SAN DIEGO--Despite acknowledged oral complications associated with chemotherapy agents, there is nothing in the literature pointing to the causes.
This prompted Monique Vincent, RN, BN, a senior research nurse at M.D. Anderson Cancer Center, and her colleagues to initiate a study to look at the incidence of oral lesions in patients receiving liposomal doxorubicin(Drug information on doxorubicin) (Doxil) and make the differentiation between localized oral problems and those throughout the oral cavity.
Ms. Vincent presented the study at the 26th Annual Conference of the Oncology Nursing Society (abstract 107).
Oral ulceration is a major cause of dose modification and treatment delays in patients receiving liposomal doxorubicin, she said. The ulcerative lesions are painful, restrict oral intake, and, as portals of entry for indigenous oral microbiotic flora, can potentially lead to sepsis.

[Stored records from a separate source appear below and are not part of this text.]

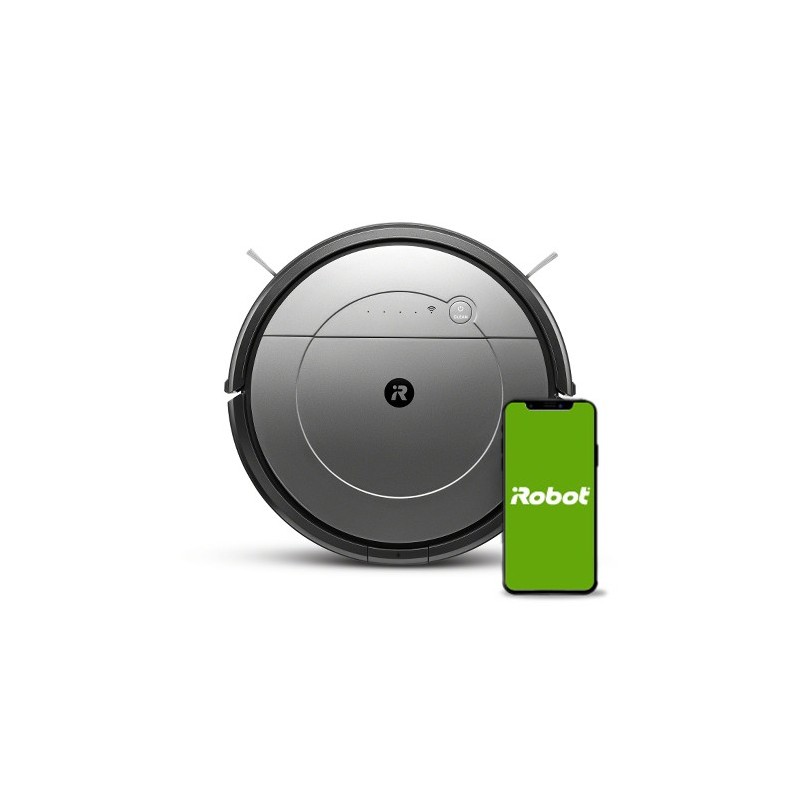 iRobot Roomba Combo aspiradora robotizada 0,45 L Bolsa para el polvo Negro, Gris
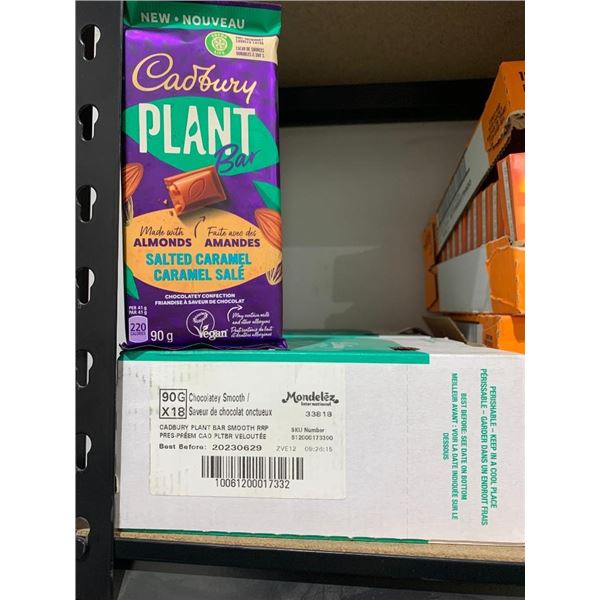 Cadbury Plant Bar Salted Caramel 18 x 90g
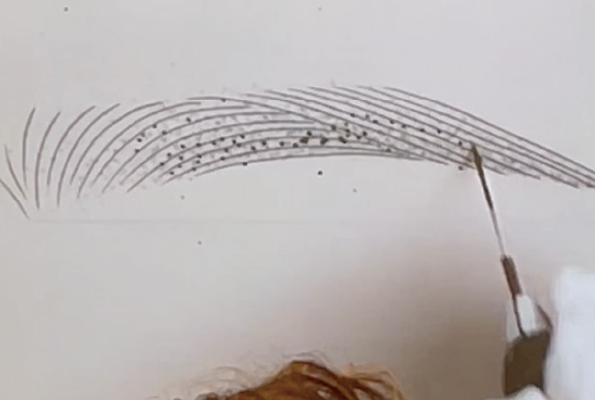 ドットとラインで自然なグラデーションを表現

The lesions, stomatitis and mucositis, are inflammations of the oral mucous membrane. Although stomatitis is site specific and characterized by local reactions, mucositis, Ms. Vincent said, is generalized and induced by chemotherapy.
"You see them mostly in the mouth, but they can go into the gastrointestinal tract," she said. "This is an issue for most of the anthracycline-containing chemotherapy regimens and for high-dose therapy all across the board."
With use of liposomal doxorubicin, she said, about 30% of patients have mouth problems, "but there’s nothing in the literature that points to the exact cause. Is it chemical deposits in the skin? Is it superimposed infections? We don’t know and are looking to find that out."